EXERCISE GOAL
Exactly the lines from the one containing "Young african american" through the final line of the data below, with pictures omitted, make up the answer.

-- Opening Marker --

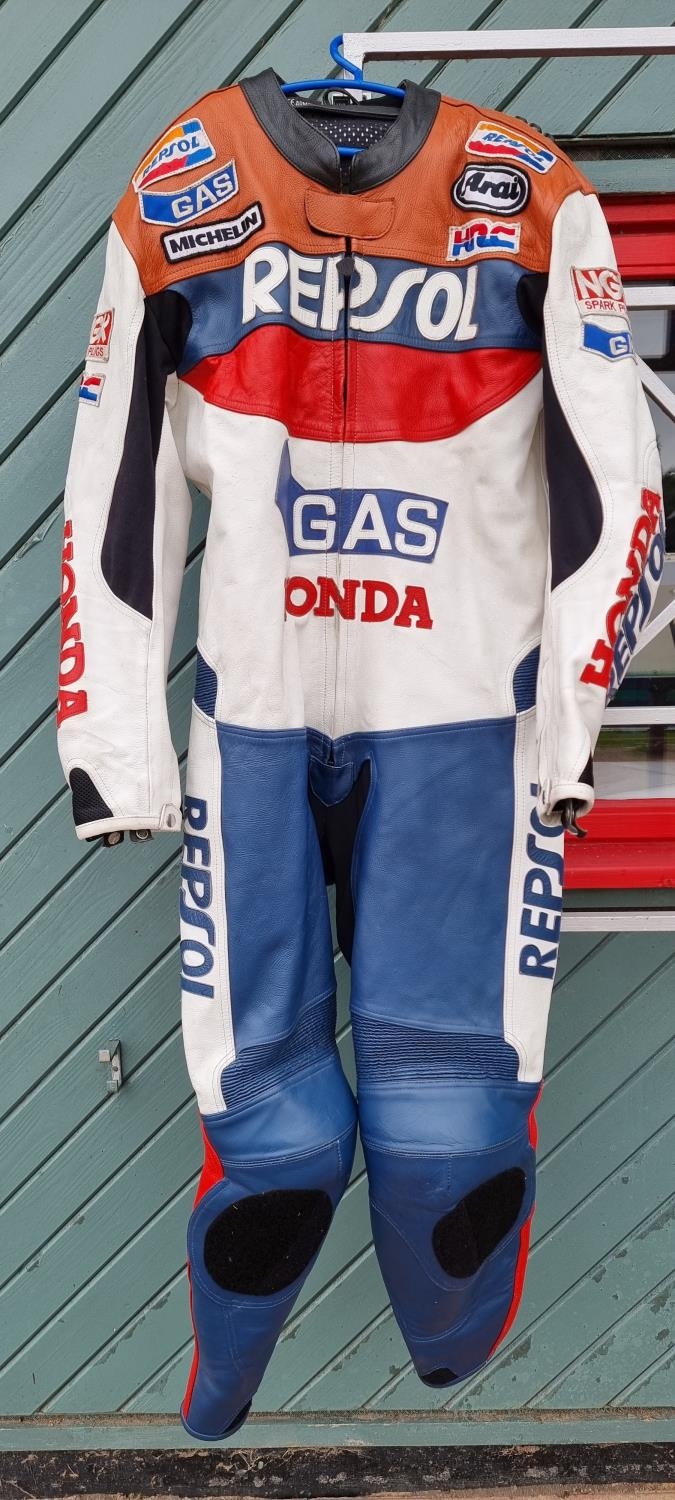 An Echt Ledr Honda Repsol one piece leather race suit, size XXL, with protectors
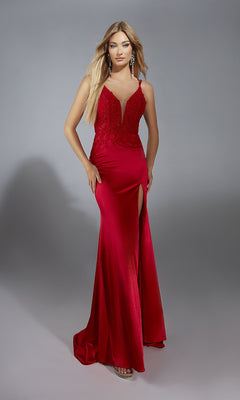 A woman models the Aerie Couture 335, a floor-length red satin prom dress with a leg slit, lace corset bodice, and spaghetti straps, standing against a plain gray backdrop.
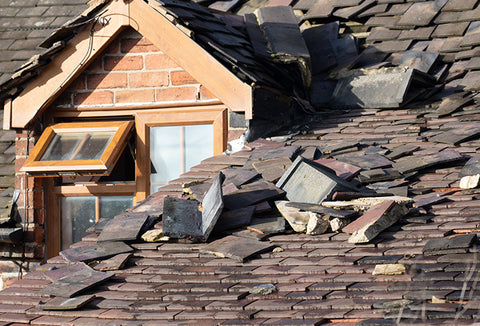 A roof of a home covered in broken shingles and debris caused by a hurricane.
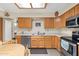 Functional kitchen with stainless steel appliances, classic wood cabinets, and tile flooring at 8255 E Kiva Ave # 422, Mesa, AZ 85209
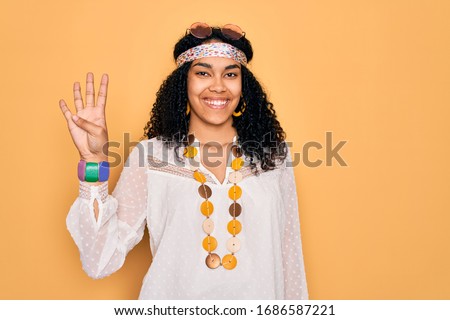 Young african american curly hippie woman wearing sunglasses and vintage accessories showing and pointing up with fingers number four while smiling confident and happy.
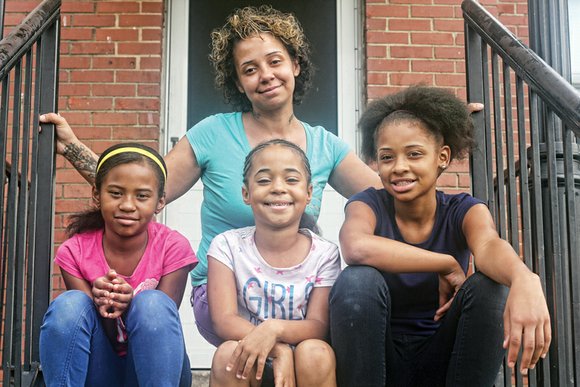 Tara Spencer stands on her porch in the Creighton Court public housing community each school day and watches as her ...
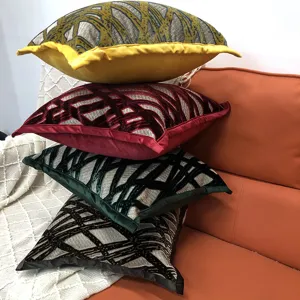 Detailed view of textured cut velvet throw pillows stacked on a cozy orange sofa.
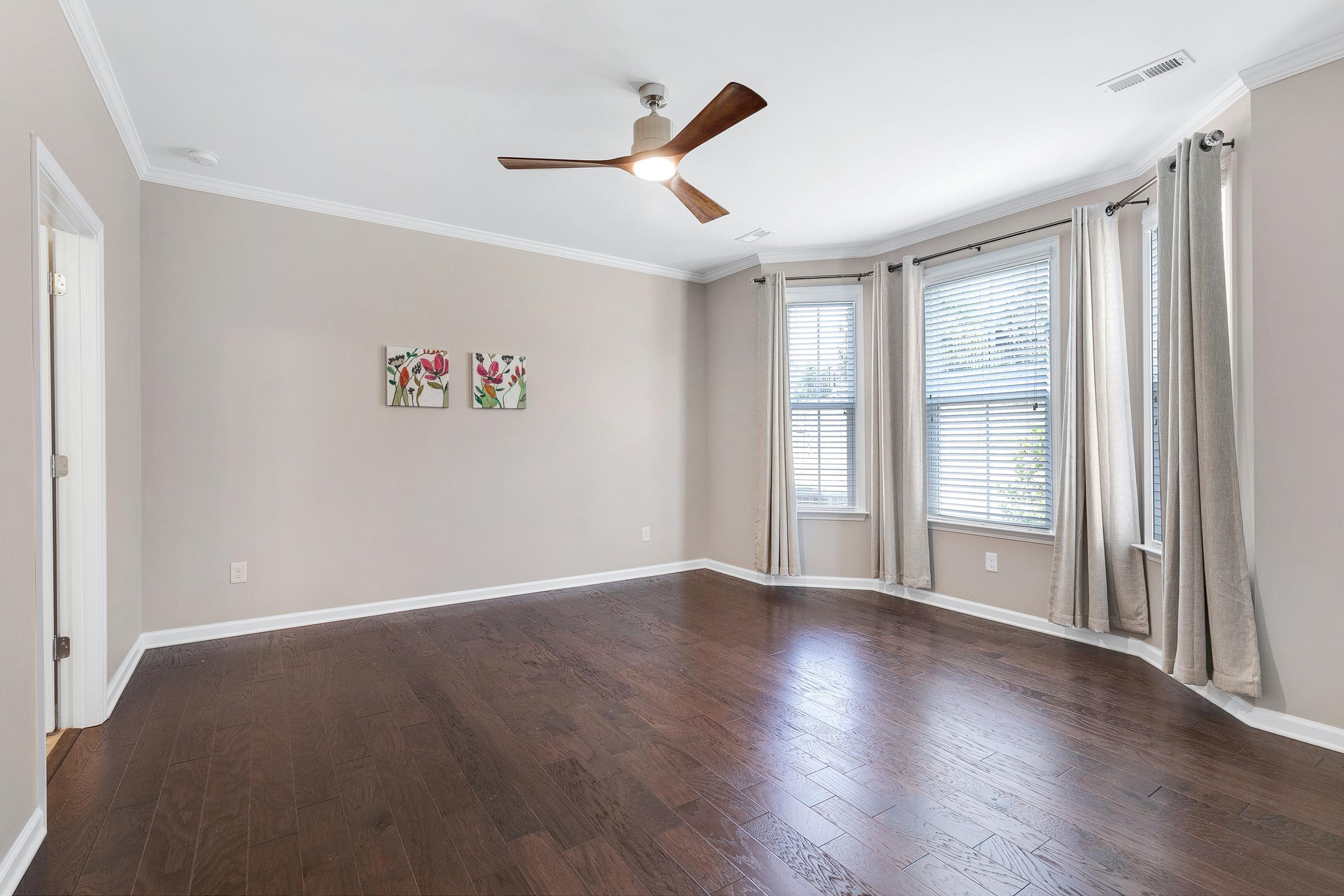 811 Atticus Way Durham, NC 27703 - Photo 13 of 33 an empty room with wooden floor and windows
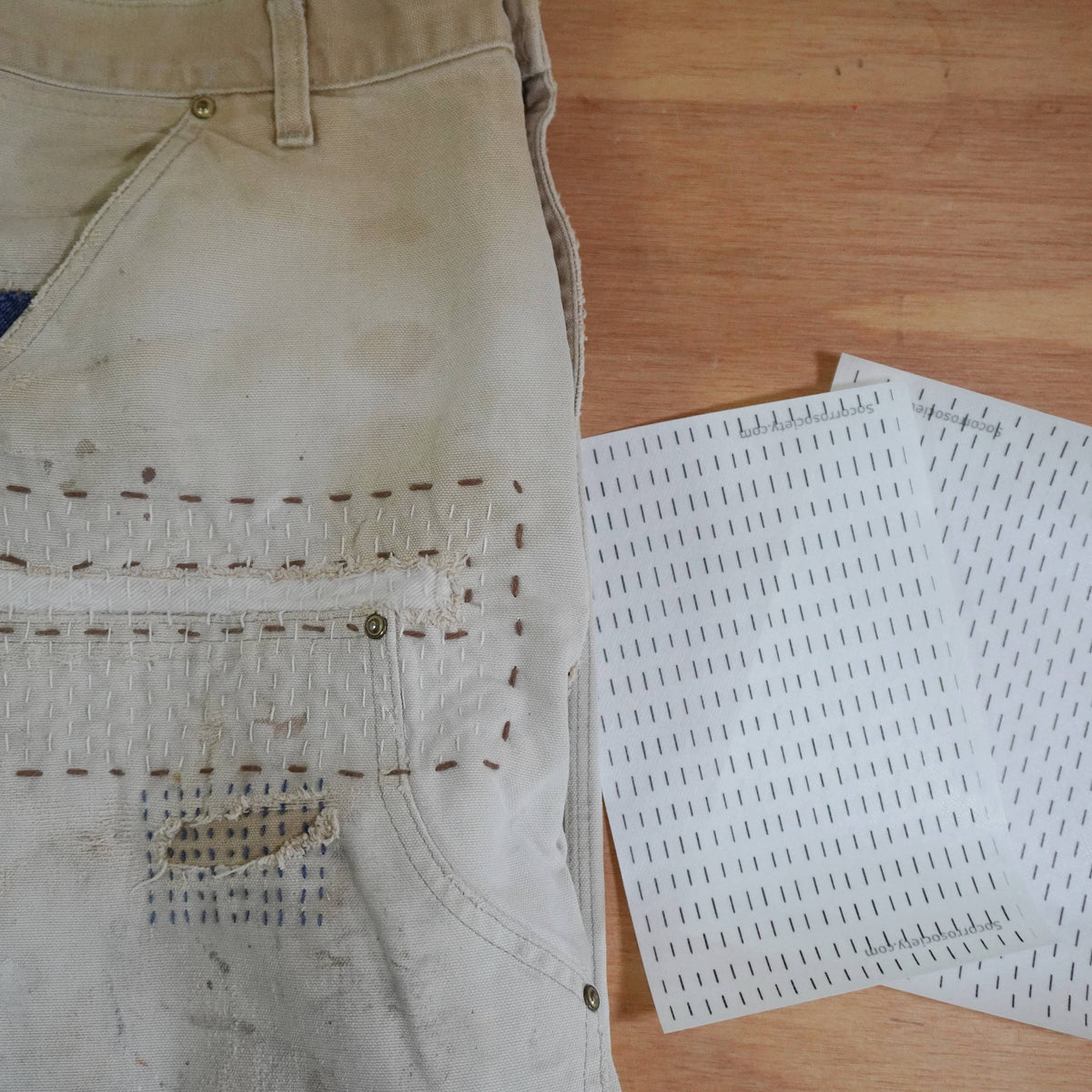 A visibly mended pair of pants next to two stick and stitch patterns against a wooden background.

-- Closing Marker --

EXPECTED ANSWER
 Young african american curly hippie woman wearing sunglasses and vintage accessories showing and pointing up with fingers number four while smiling confident and happy.
 Tara Spencer stands on her porch in the Creighton Court public housing community each school day and watches as her ...
 Detailed view of textured cut velvet throw pillows stacked on a cozy orange sofa.
 811 Atticus Way Durham, NC 27703 - Photo 13 of 33 an empty room with wooden floor and windows
 A visibly mended pair of pants next to two stick and stitch patterns against a wooden background.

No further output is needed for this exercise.